Supplied data below:
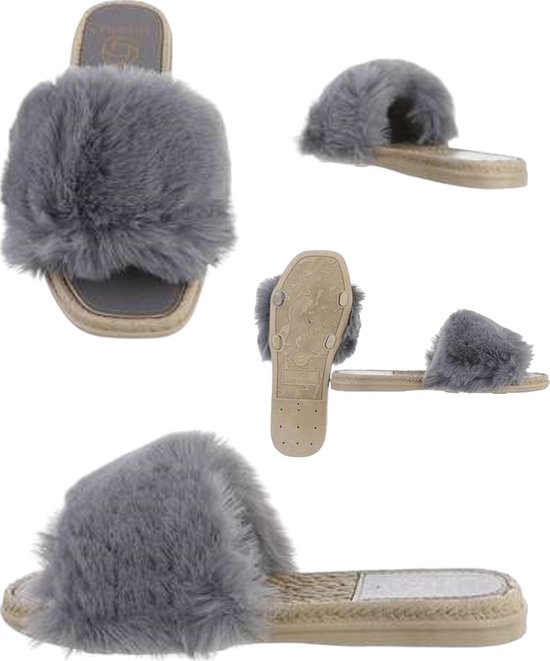 Givana Fluffy muiltjes - slippers grijs 39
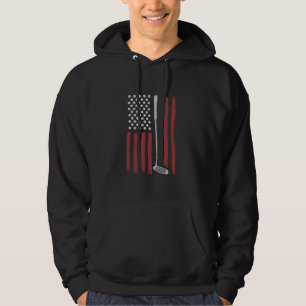 Retro American Flag Golf Golfer Funny Golf Club Hoodie
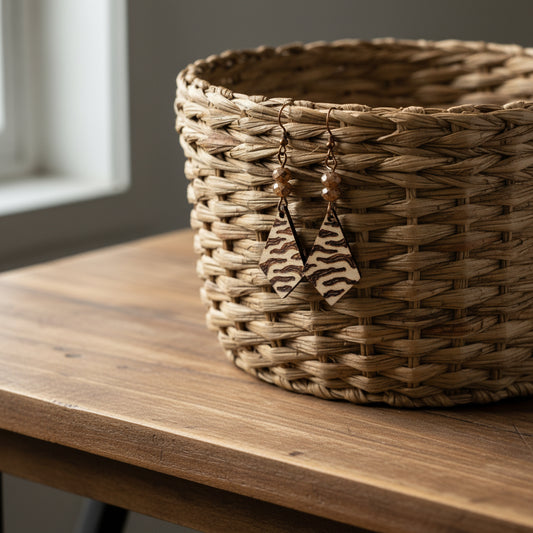 Earrings | Zentangles | Rhombus Shape | Zebra Design | Wood-burned | Small Gemstones | Small Size | 1.5"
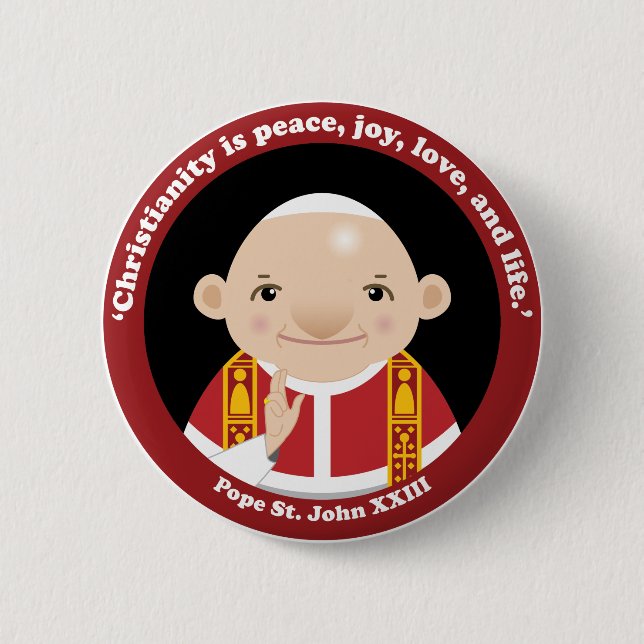 St. John XXIII 2 Inch Round Button (Front)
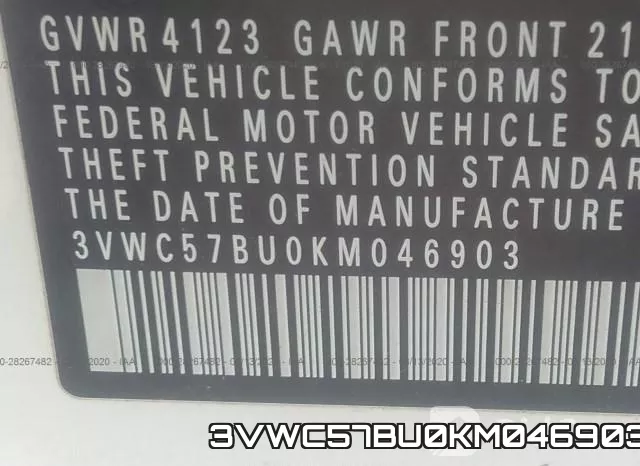 3VWC57BU0KM046903 фото 10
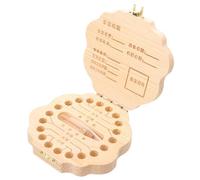 1Set Deciduous Teeth Storage Box Wooden Tooth Keepsake Container with Chinese Zodiac Dragon Design for Storing Lost Teeth and Foetal Hair Practical Present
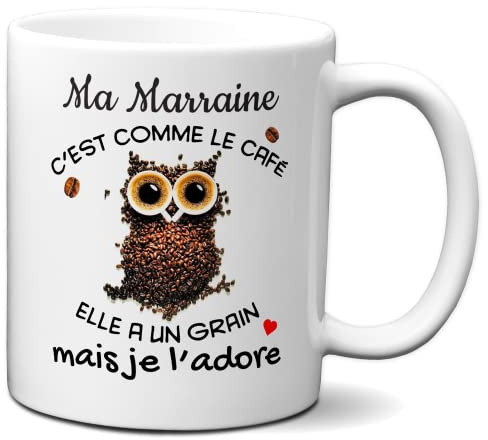 L'Esprit Des Anges Tasse Mug Cadeau Marraine Comme le Café Original Baptême Anniversaire Humour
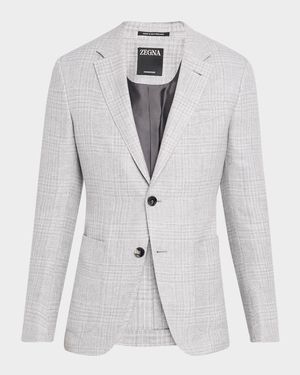 Men's Tonal Plaid Single-Breasted Sport Coat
End of Supplied data.
» **What is being asked**
What you return must be every entry, word for word, without any pictures.

» **Result below**
 Givana Fluffy muiltjes - slippers grijs 39
 Retro American Flag Golf Golfer Funny Golf Club Hoodie
 Earrings | Zentangles | Rhombus Shape | Zebra Design | Wood-burned | Small Gemstones | Small Size | 1.5"
 St. John XXIII 2 Inch Round Button (Front)
 3VWC57BU0KM046903 фото 10
 1Set Deciduous Teeth Storage Box Wooden Tooth Keepsake Container with Chinese Zodiac Dragon Design for Storing Lost Teeth and Foetal Hair Practical Present
 L'Esprit Des Anges Tasse Mug Cadeau Marraine Comme le Café Original Baptême Anniversaire Humour
 Men's Tonal Plaid Single-Breasted Sport Coat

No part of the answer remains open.